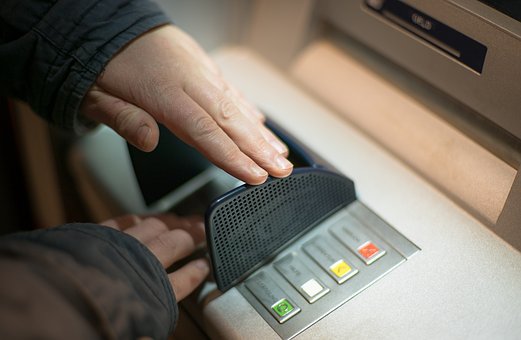 NRI’s driver victim of snatching in NCR after ATM visit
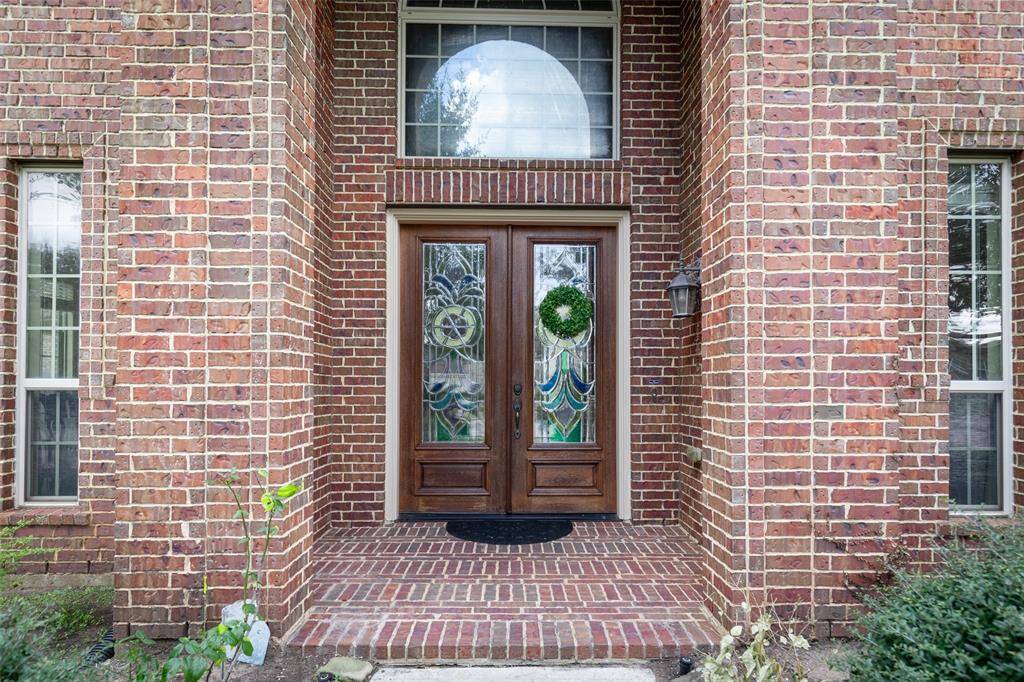 Royal DOUBLE DOOR entry .Recently painted doors.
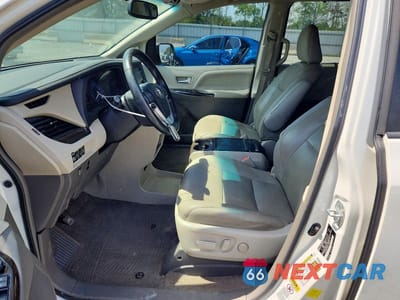 Zdjęcie 7 z 14 samochodu: 2015 TOYOTA SIENNA XLE PREMIUM 8-PASSENGER VIN:5TDYK3DC4FS630743 - miniatura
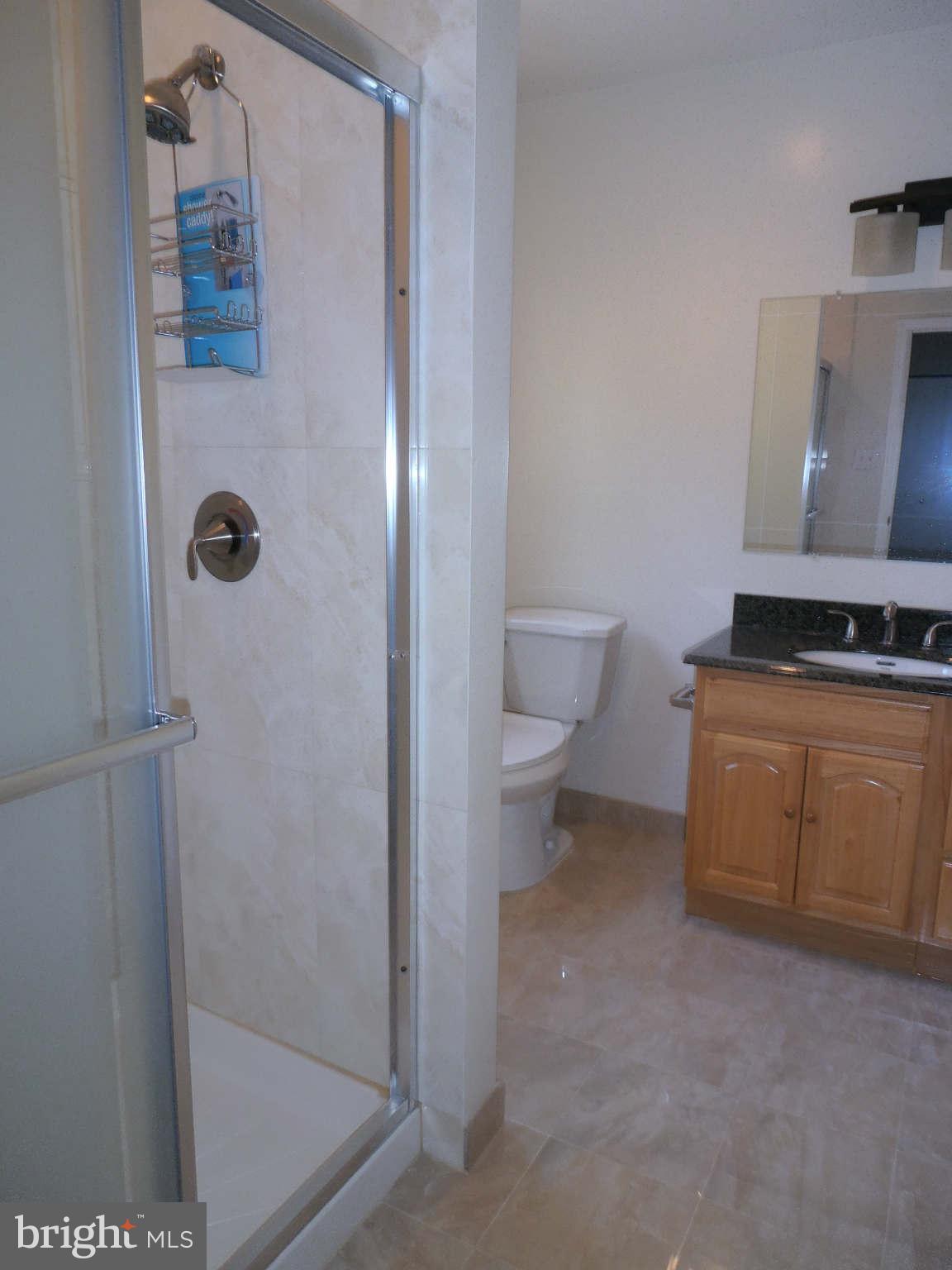 REDLAND STATION - Residential Lease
════════════════════
> [To do] Without the pictures, repeat the line with "Zdjęcie 7 z" and every line after it to the end of the listing, and nothing else.

> [Worked solution]
 Zdjęcie 7 z 14 samochodu: 2015 TOYOTA SIENNA XLE PREMIUM 8-PASSENGER VIN:5TDYK3DC4FS630743 - miniatura
 REDLAND STATION - Residential Lease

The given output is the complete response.